SIP TLS and SRTP generally protect traffic in transit between systems that support it, such as:

Phone to PBX
PBX to SIP provider
Phone to hosted platform

However, the call may still be decrypted and re-encrypted at intermediate systems such as:

SBCs
Hosted PBX platforms
SIP carriers
Media relays
Recording systems

This means SIP TLS and SRTP provide strong transport security, but not always true end-to-end encryption across the whole call path.

Some SIP Trunking providers support encryption along the path, others support it at the proxy but drop it after that. The BT PSTN network, and it's digital equivalent IPStream is NOT encrypted and all voice traffic is unprotected. BT Will tell you it's to reduce latency, but the truth is far less palatable.

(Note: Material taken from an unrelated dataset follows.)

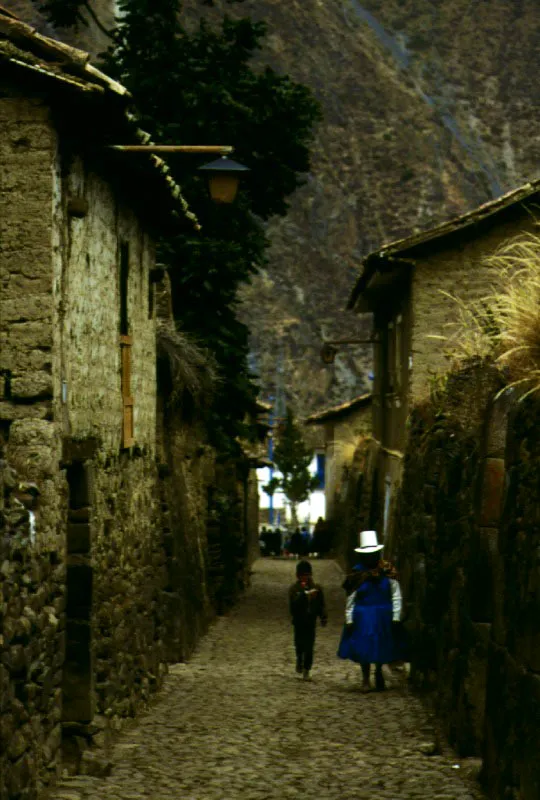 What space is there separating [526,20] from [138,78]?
295 feet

So, SRTP will protect your calls from between phones internally, externally, via SIP Clients on Mobiles, and inter-company calls. It *may* protect calls between clients on the same SIP trunking provider, but after that it's not possible to be sure.

As more and more companies move to SIP, and configure their phone systems to support encryption, more of your voice traffic will be encrypted - but the rule is, the lowest encryption supported by both ends, so if both support it, encryption is solid, if only one supports it, there will be no encryption.

The Future

There are proposals and protocols to encrypt the actual voice data, but these all suffer weak points along the path of trust. In order to properly scramble voice data so that it can't be decrypted, a 'key' must be shared before hand. That's hard to do without manually sharing keys between phone systems. With SIP over TLS, the encryption keys are shared in the signalling session, but if we can't encrypt that - we can't send keys that way.

For now, SIP/TLS and SRTP is the best we can do, and it certainly provides a robust protection on site, and between endpoints - and if your SIP trunking provider supports it, a fair part of the path.